*Task*. Below are some records; output exactly the lines from the line with "Kinder T-Shirt Paw Patrol Skye" to the line with "JACK & DIANE", both ends kept, and nothing more.

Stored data

------------------------------------

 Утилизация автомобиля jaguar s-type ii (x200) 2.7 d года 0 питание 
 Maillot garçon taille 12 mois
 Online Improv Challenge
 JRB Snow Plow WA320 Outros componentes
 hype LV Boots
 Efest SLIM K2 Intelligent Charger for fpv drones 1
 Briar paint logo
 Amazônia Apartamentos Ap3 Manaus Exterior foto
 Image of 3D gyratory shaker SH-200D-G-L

------------------------------------

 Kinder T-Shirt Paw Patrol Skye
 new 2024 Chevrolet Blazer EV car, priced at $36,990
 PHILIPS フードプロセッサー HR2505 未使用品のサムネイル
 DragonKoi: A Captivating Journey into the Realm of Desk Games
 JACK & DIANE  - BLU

------------------------------------

*Written answer*.
 Kinder T-Shirt Paw Patrol Skye
 new 2024 Chevrolet Blazer EV car, priced at $36,990
 PHILIPS フードプロセッサー HR2505 未使用品のサムネイル
 DragonKoi: A Captivating Journey into the Realm of Desk Games
 JACK & DIANE  - BLU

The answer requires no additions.